▸ **EXERCISE AIM**
Your answer must be an exact copy of the records, with no pictures included.

(INFORMATION PROVIDED begins)

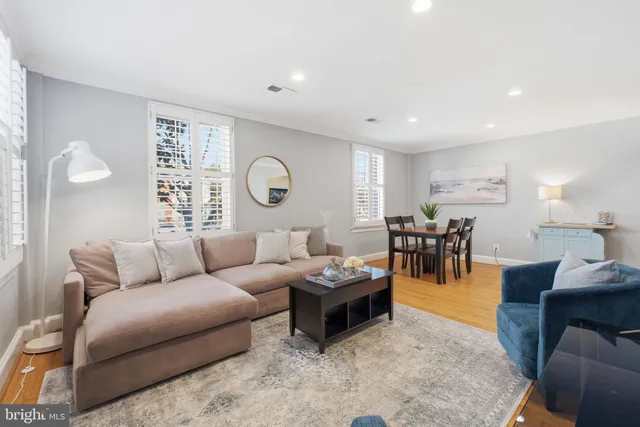 $519,000 | 402 Commonwealth Avenue, Unit 206, Alexandria, VA 22301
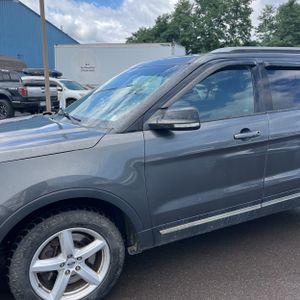 صورة 2 لـ 2017 FORD EXPLORER XLT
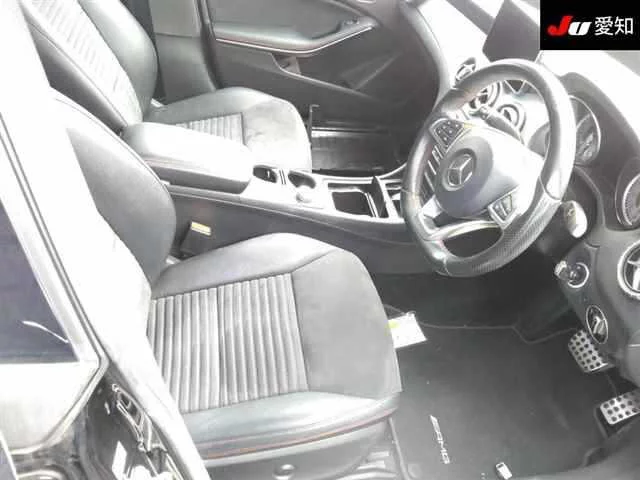 Mercedes-Benz CLA CLASS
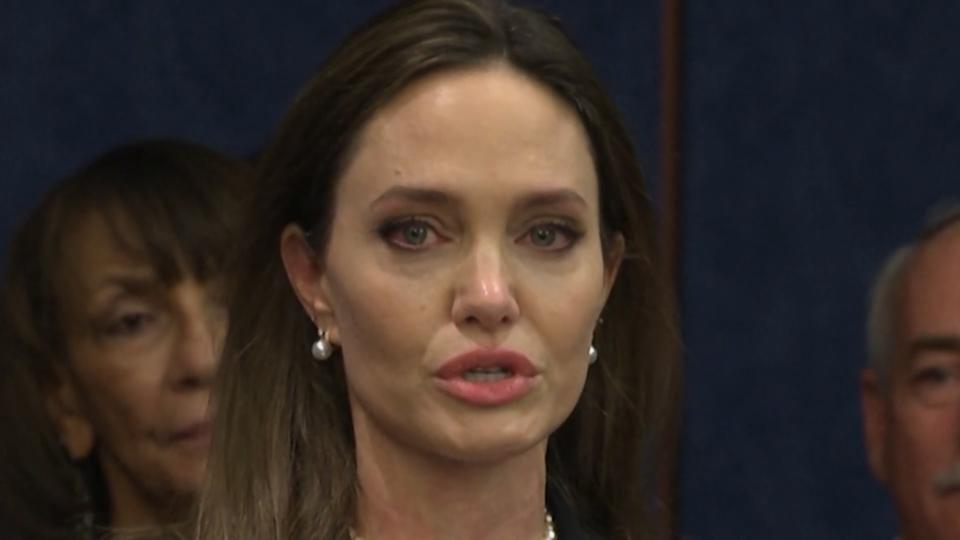 Für den Schutz für Opfer von häuslicher Gewalt Angelina Jolie weint und schluchzt vor laufender Kamera
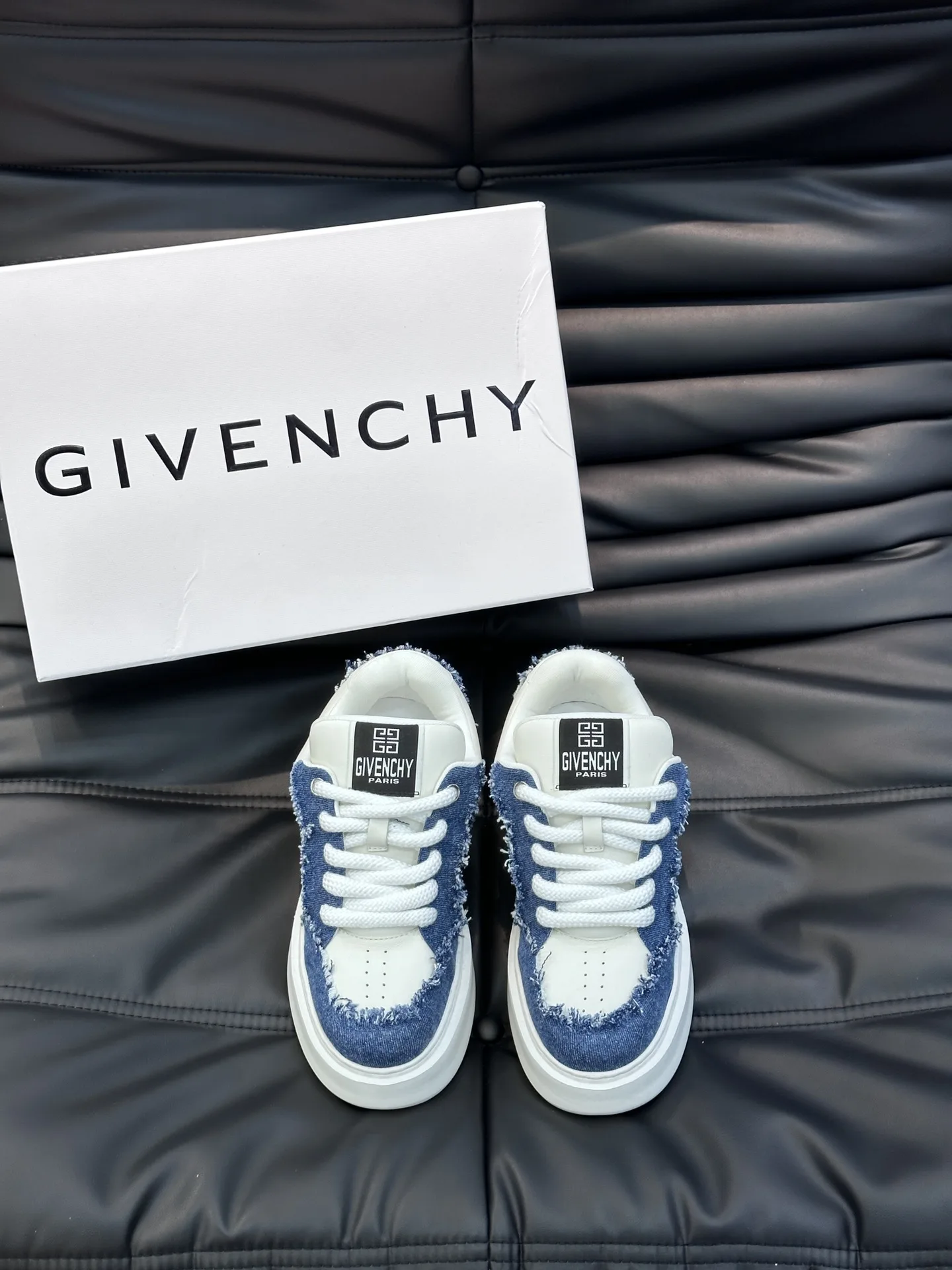 Supportive Givenchy  Shoes 6533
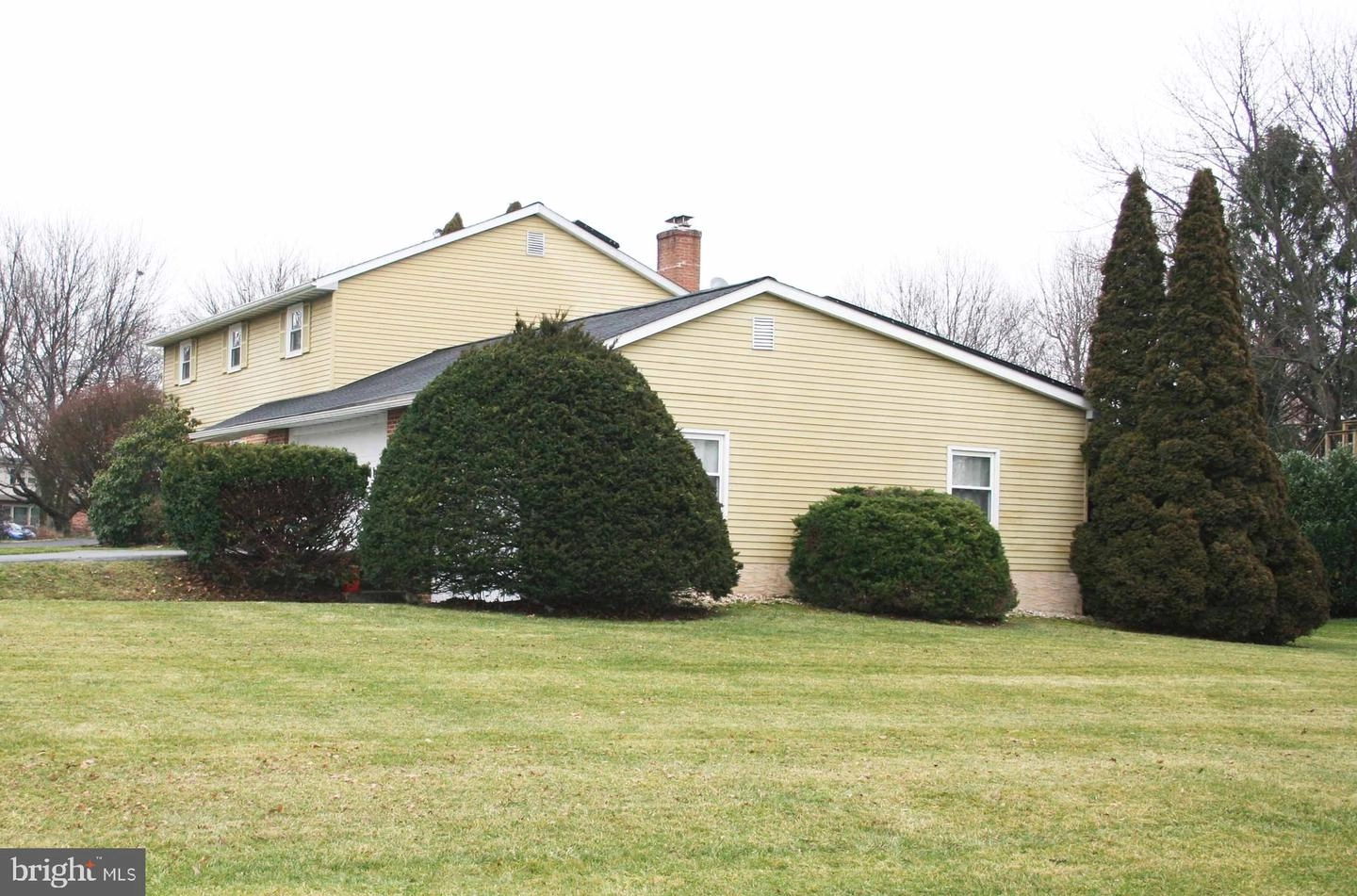 12 Pinewood Ave, Lititz, PA 17543 photo 7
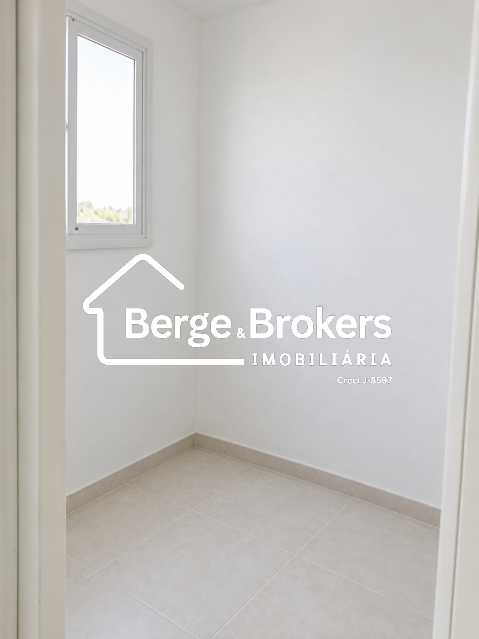 Conheça DEPENDÊNCIA DE SERVIÇO do imóvel - EXCELENTE 2 QUARTOS EM COPACABANA COM GARAGEM - RJAP20807 - 22 DEPENDÊNCIA DE SERVIÇO - 22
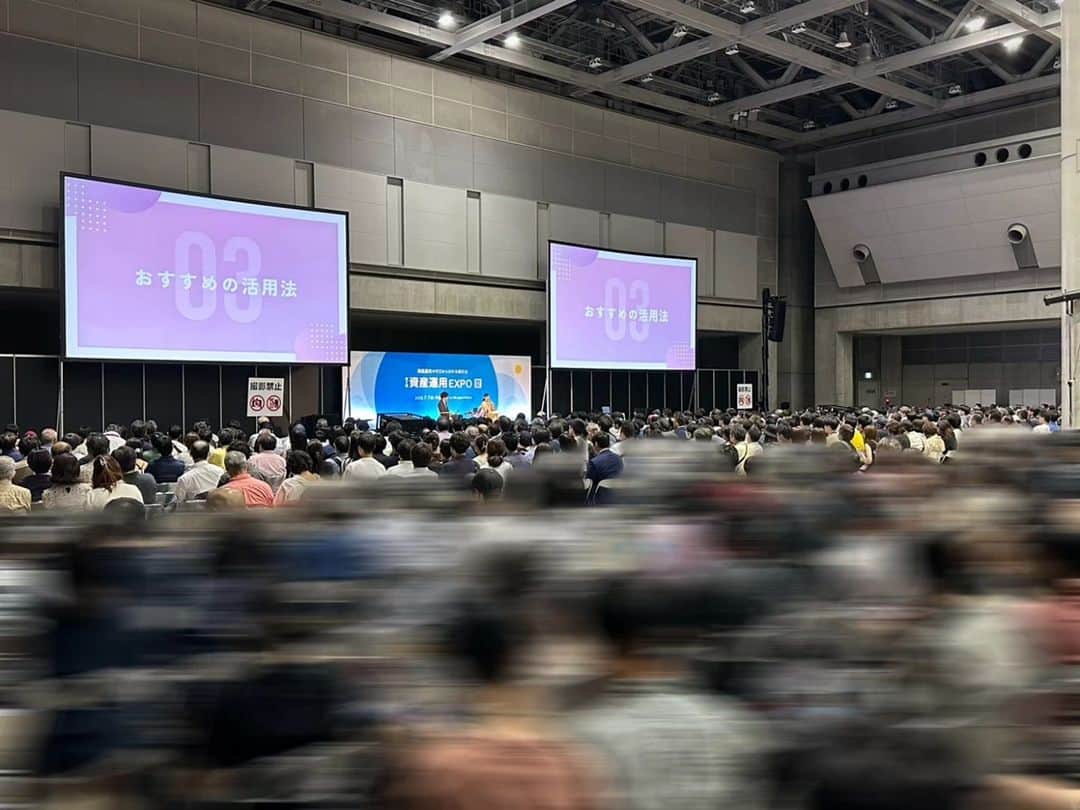 杉原杏璃のインスタグラム：「資産運用EXPOありがとうございました！  今日のビッグサイトで開催していた 【資産運用EXPO 夏】 にお越しいただいた皆様ありがとうございました😊  青木源太さんにも助けていただき無事、今年も東京でのEXPOが終わりました！ 500名近くの方々にお会いできて、お話ができてとても楽しかったです✨  講演以外では...優待投資家としても大人気の桐谷広人さんと 楽屋でお互いのグッズを交換したり  ブース会場で遊んでたりw 色々とお話ができていいリフレッシュになりました♫  あっ後ろに写ってるLINE Monary で投資の連載してます✏️ 良かったら見てみてください♫  資産運用のオンラインサロン【Polish】 ⬇︎⬇︎ https://lounge.dmm.com/detail/5374/  #杉原杏璃 #sugiharaanri #anrisugihara #Japanese#girl #グラビア#グラドル#glamor#gravure#hot#asian #資産運用EXPO夏 #東京ビッグサイト #株式投資 #資産運用 #オンラインサロン #ありがとうございました #資産運用EXPO」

(INFORMATION PROVIDED ends)

▸ **REPLY TO THE TASK**
 $519,000 | 402 Commonwealth Avenue, Unit 206, Alexandria, VA 22301
 صورة 2 لـ 2017 FORD EXPLORER XLT
 Mercedes-Benz CLA CLASS
 Für den Schutz für Opfer von häuslicher Gewalt Angelina Jolie weint und schluchzt vor laufender Kamera
 Supportive Givenchy  Shoes 6533
 12 Pinewood Ave, Lititz, PA 17543 photo 7
 Conheça DEPENDÊNCIA DE SERVIÇO do imóvel - EXCELENTE 2 QUARTOS EM COPACABANA COM GARAGEM - RJAP20807 - 22 DEPENDÊNCIA DE SERVIÇO - 22
 杉原杏璃のインスタグラム：「資産運用EXPOありがとうございました！  今日のビッグサイトで開催していた 【資産運用EXPO 夏】 にお越しいただいた皆様ありがとうございました😊  青木源太さんにも助けていただき無事、今年も東京でのEXPOが終わりました！ 500名近くの方々にお会いできて、お話ができてとても楽しかったです✨  講演以外では...優待投資家としても大人気の桐谷広人さんと 楽屋でお互いのグッズを交換したり  ブース会場で遊んでたりw 色々とお話ができていいリフレッシュになりました♫  あっ後ろに写ってるLINE Monary で投資の連載してます✏️ 良かったら見てみてください♫  資産運用のオンラインサロン【Polish】 ⬇︎⬇︎ https://lounge.dmm.com/detail/5374/  #杉原杏璃 #sugiharaanri #anrisugihara #Japanese#girl #グラビア#グラドル#glamor#gravure#hot#asian #資産運用EXPO夏 #東京ビッグサイト #株式投資 #資産運用 #オンラインサロン #ありがとうございました #資産運用EXPO」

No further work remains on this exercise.